Album: Plates and Wires

Label: Crouton

Review date: Sep. 20, 2007


Australian guitarist Tim Catlin and Milwaukee-based percussionist Jon Mueller have teamed up for this fantastic release on the latter's Crouton label. Working in different recording settings over the past year, the duo have constructed variously interwoven setups utilizing prepared guitars, gongs, drums and other amplified percussion. No instrument can be played without somehow bringing its peers to life. One reviewer at Aquarius Records in San Francisco aptly described the process behind Plates and Wires as “like a game of Mouse Trap,” with each element seemingly activating the next in an endless harmonic give-and-take. What results is a very organic recording with a dream logic in place, wandering through the speakers in an hour-long musical dérive.

You can hear the effect with particular clarity on the fourth untitled composition, as Mueller’s militaristic rolls invite a heavy drone from Catlin, causing Mueller’s snare to rise in volume with the oscillations of his partner’s guitar. As the snare fades out, it’s replaced by shifting electronic textures and heavily processed rhythms. We hear a slow scraping noise begin to emerge, creating perforations in Catlin’s guitar, which has become hypnotic and full of subtle reverberations. A great poet once wrote, “No man is an island,” and, likewise, no instrument can sing its song in hermetic isolation. With a brilliantly self-reflexive gesture, Catlin and Mueller have incorporated this age-old truth into the physical machinery of their art.

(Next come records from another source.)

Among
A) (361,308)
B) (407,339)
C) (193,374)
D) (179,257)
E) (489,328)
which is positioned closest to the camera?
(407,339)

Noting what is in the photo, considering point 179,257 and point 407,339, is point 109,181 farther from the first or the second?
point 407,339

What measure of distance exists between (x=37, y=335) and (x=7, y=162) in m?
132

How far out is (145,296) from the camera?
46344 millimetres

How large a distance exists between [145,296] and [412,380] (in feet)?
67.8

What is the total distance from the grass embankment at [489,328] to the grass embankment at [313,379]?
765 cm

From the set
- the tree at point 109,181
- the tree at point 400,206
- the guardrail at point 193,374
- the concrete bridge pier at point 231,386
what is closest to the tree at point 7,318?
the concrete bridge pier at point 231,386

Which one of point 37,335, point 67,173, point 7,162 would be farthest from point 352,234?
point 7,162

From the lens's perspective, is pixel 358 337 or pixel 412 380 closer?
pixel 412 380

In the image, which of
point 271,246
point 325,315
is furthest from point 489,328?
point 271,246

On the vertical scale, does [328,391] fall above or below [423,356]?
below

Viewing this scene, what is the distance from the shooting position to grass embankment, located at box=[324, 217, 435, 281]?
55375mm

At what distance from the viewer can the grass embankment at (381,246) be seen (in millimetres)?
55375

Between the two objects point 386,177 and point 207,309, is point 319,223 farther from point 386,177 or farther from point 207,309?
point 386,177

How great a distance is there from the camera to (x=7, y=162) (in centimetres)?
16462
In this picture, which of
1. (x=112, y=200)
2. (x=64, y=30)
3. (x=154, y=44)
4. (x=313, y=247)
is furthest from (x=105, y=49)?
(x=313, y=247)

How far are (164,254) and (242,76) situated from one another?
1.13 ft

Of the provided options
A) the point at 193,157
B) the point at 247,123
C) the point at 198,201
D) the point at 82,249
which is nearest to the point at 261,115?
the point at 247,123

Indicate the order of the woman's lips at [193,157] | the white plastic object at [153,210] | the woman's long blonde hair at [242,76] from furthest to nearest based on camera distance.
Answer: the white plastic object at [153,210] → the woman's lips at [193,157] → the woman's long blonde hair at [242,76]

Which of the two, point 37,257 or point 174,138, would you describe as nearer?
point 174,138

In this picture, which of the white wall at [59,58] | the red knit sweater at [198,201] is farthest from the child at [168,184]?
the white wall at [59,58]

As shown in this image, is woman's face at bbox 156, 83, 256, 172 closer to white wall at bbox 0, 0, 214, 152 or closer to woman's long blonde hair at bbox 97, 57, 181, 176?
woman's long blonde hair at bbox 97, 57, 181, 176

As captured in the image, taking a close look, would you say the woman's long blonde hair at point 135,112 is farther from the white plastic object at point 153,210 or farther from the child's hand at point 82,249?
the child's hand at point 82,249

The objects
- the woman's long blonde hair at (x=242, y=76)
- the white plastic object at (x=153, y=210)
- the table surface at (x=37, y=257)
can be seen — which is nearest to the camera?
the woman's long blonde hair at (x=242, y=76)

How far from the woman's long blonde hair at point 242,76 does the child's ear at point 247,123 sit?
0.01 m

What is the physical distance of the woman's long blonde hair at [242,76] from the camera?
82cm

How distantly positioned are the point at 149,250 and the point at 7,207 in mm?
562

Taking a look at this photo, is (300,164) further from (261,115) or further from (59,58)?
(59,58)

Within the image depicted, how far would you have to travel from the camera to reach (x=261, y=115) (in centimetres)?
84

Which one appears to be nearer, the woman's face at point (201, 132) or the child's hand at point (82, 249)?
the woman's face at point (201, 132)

Moving away from structural concerns to questions of style, the tonal palette here is decidedly murky. All of Plates and Wires has a forbidding quality that brings a formal unity to the otherwise-quixotic proceedings. Its damaged drones aren’t really fit for meditative purposes; they’re more like lingering snapshots in the back of one’s mind, faded and scratched. The second track begins with a harsh, pulsating guitar line reminiscent of Remko Scha that is terrifying in its minimalist purity. It fades away into an extended network of drones, but one feels that these sustained units have somehow internalized the composition’s initial distress. Like a trauma, it is progressively obscured beneath layers of scratchy snares and metallic rattling, tucked away like an evil dream. Each piece chews and digests its material in a way that will surely leave listeners at a loss to describe just how they ended up at their destination – as if the end is never really an end, just an arbitrary limit placed on the music’s flow. No climax, no dénouement. Only drift.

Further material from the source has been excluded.